TASK REQUIREMENTS = Transcribe the listing exactly, skipping every picture.

SOURCE DATA =
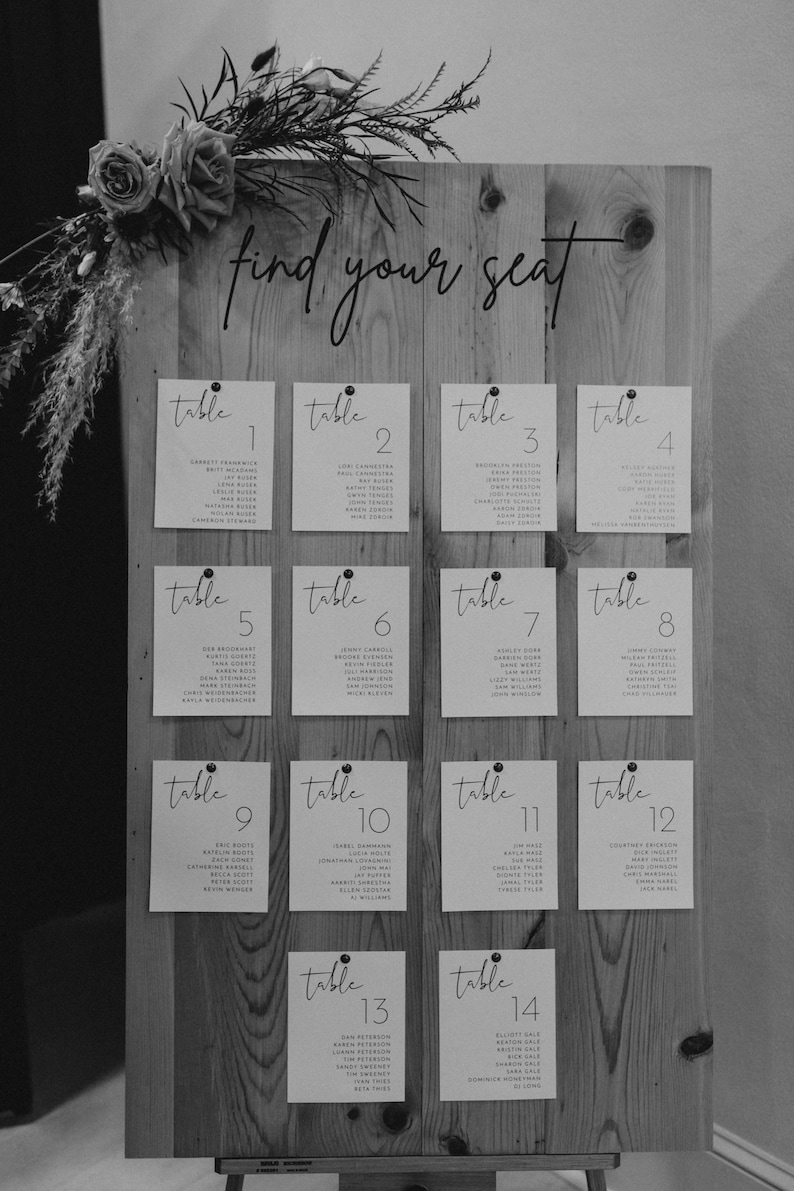 May include: A wooden seating chart with white cards listing table numbers and guest names. The sign reads "find your seat".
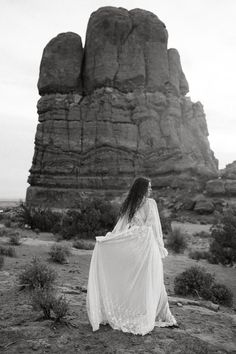 a woman in a white dress standing on top of a dirt field next to large rocks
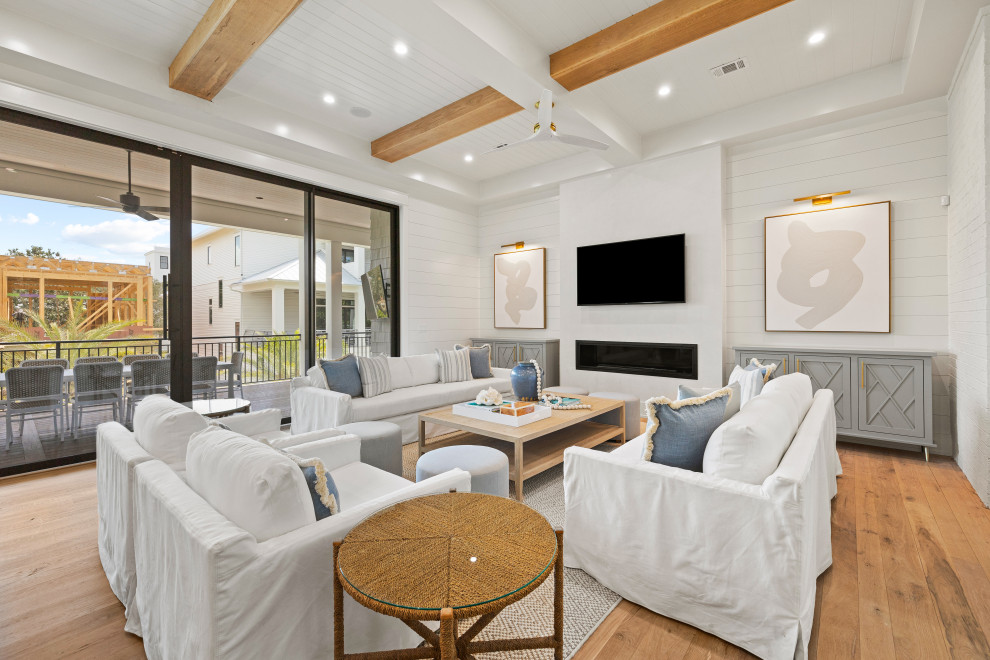 Foto di un soggiorno stile marino con pareti bianche, parquet chiaro, TV a parete e pareti in perlinato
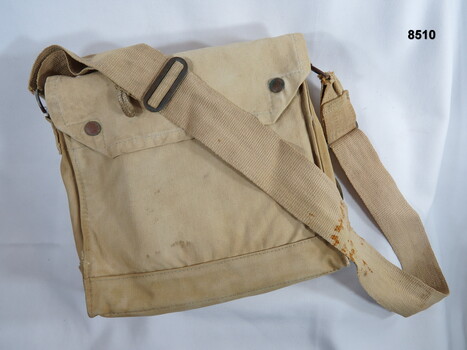 Khaki carry bag carried over the shoulder.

THE ANSWER =
 May include: A wooden seating chart with white cards listing table numbers and guest names. The sign reads "find your seat".
 a woman in a white dress standing on top of a dirt field next to large rocks
 Foto di un soggiorno stile marino con pareti bianche, parquet chiaro, TV a parete e pareti in perlinato
 Khaki carry bag carried over the shoulder.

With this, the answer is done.